If you’re like most people, you’ve heard at least one of these revocable living trust myths. Today, we set the record straight. But, if you have further questions or wonder whether a revocable living trust is right for you, be sure to consult a qualified estate planning attorney.
MYTH: A revocable living trust provides asset protection.
FACT: By creating trust shares for your beneficiaries, you can give their inheritances with asset protection that you can’t get for yourself without taking your assets off shore. During your lifetime, you cannot use a revocable living trust to create asset protection for your own assets.
MYTH: A revocable living trust always avoids probate.
FACT: A revocable living trust avoids probate only for those assets owned by the trust. In other words, your assets must be funded into your trust to avoid probate. Assets own in your individual name guarantee probate even if you have a trust.
MYTH: A revocable living trust is only for the wealthy.
FACT: Revocable living trusts benefit most people. Benefits include incapacity planning, pet planning, special needs beneficiary planning, asset protection for beneficiaries, federal estate tax savings for married couples, and probate avoidance.

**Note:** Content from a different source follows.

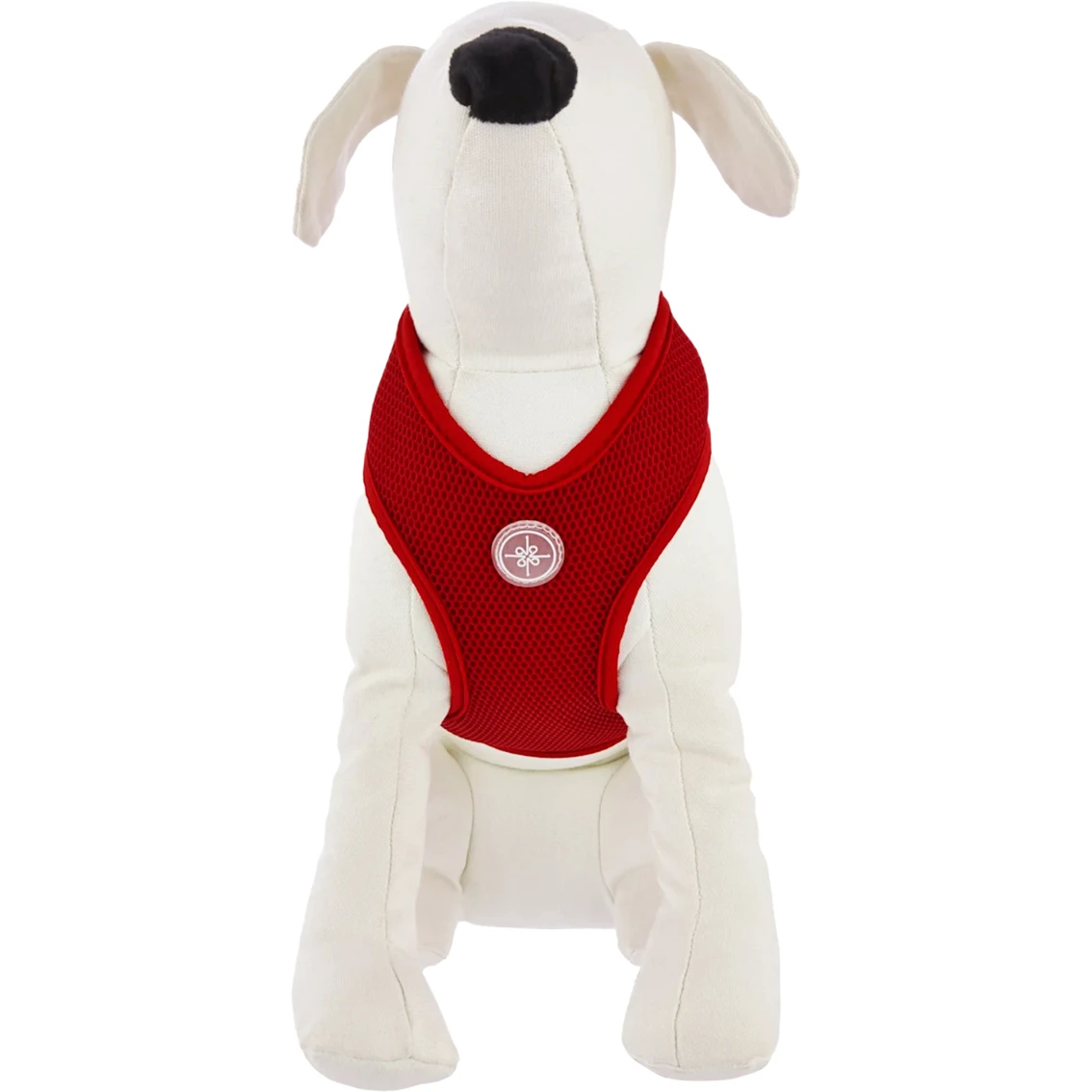 Coupon ???? Youly Good 2 Go Mesh ???? Dog Harness ???? - Image 2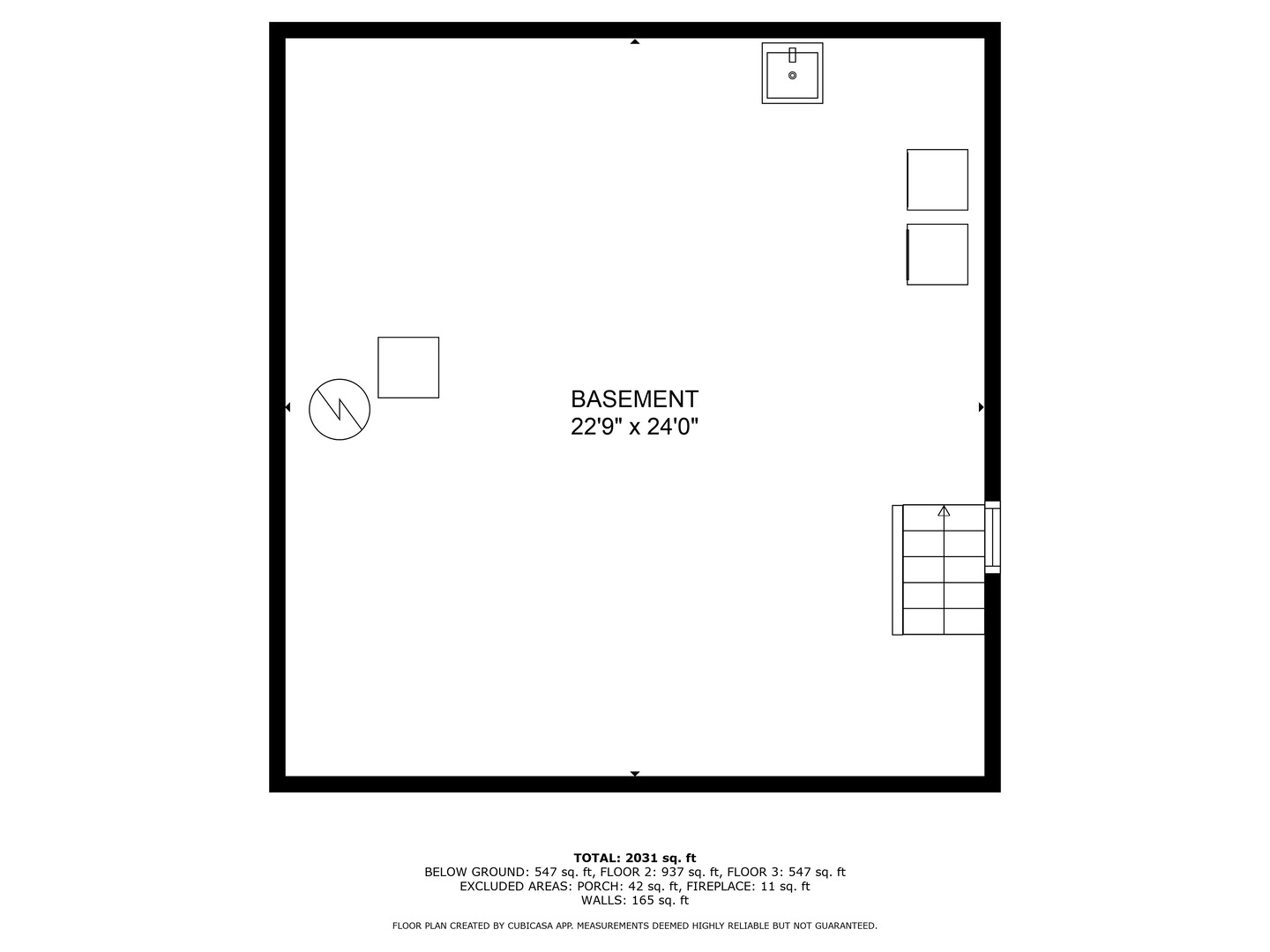 616 S 10th Avenue, La Grange, IL 60525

These trusts are easy to set up and simple to administer.
MYTH: A revocable living trust eliminates all of the work after you die.
FACT: While a revocable living trust lessens the work to be done after you die, it does not eliminate it completely. A trust is not a magical legal document that jumps up and pays last bills, manages investments, maintains and sells real estate, files appropriate tax returns, and distributes assets to trust shares for beneficiaries. The trustee does all that.
MYTH: A revocable living trust saves federal estate taxes for everyone.
FACT: For an unmarried individual, a revocable living trust does not offer reduced federal estate taxes. For a married couple, a trust can make full use of each spouse’s lifetime unified credit which reduces the federal estate tax bill.